Secondly, love is an action. When we have decided to love, then we must act on that decision. C. S. Lewis, in his book Mere Christianity writes, “Do not waste your time bothering whether you ’love’ your neighbor act as if you did. As soon as we do this, we find one of the great secrets. When you are behaving as if you loved someone, you will presently come to love him. If you injure someone you dislike, you will find yourself disliking him more. If you do him a good turn, you will find yourself disliking him less.”
In Miracle on the River Kwai, by Earnest Gordon, the story is told of the Scottish soldiers who, forced by their Japanese captors to labor on a jungle railroad, had degenerated to barbarous behavior, but one afternoon something happened.
“A shovel was missing. The officer in charge became enraged. He demanded that the missing shovel be produced, or else. When nobody in the squadron budged, the officer got his gun and threatened to kill them all on the spot. It was obvious the officer meant what he had said. Then, finally, one man stepped forward. The officer put away his gun, picked up a shovel, and beat the man to death. When it was over, the survivors picked up the bloody corpse and carried it with them to the second tool check. This time, no shovel was missing. Indeed, there had been a miscount at the first check point.

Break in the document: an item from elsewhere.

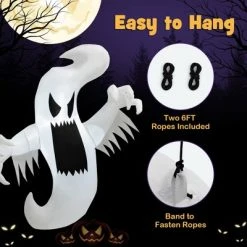 Costway 5FT Halloween Inflatable Ghost Blow-up Hanging Decoration w/ Built-in LED Lights 11 Costway 5FT Halloween Inflatable Ghost Blow-up Hanging Decoration w/ Built-in LED Lights -Hyde and Eek Cosplay Store GUEST 5ffb1a89 a12f 4c92 9782 821aad8e024b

The word spread like wildfire through the whole camp. An innocent man had been willing to die to save the others! The incident had a profound effect. The men began to treat each other like brothers. When the victorious Allies swept in, the survivors, human skeletons, lined up in front of their captors, and instead of attacking their captors, insisted: ‘No more hatred. No more killing. Now what we need is forgiveness’.”
Love is decision and action. God decided to love us, and then he acted in His Son, Jesus Christ. He forgave our sins, and gave us new life. When everything else passes away. When this old life fades to dim and the shadows are passed. When the world is gone, and the judgment is over—when we’ve seen all we can see with these old earthly eyes, Paul says three things will endure—faith, hope, and love—and he adds, the greatest of these is love. Love is the more excellent way.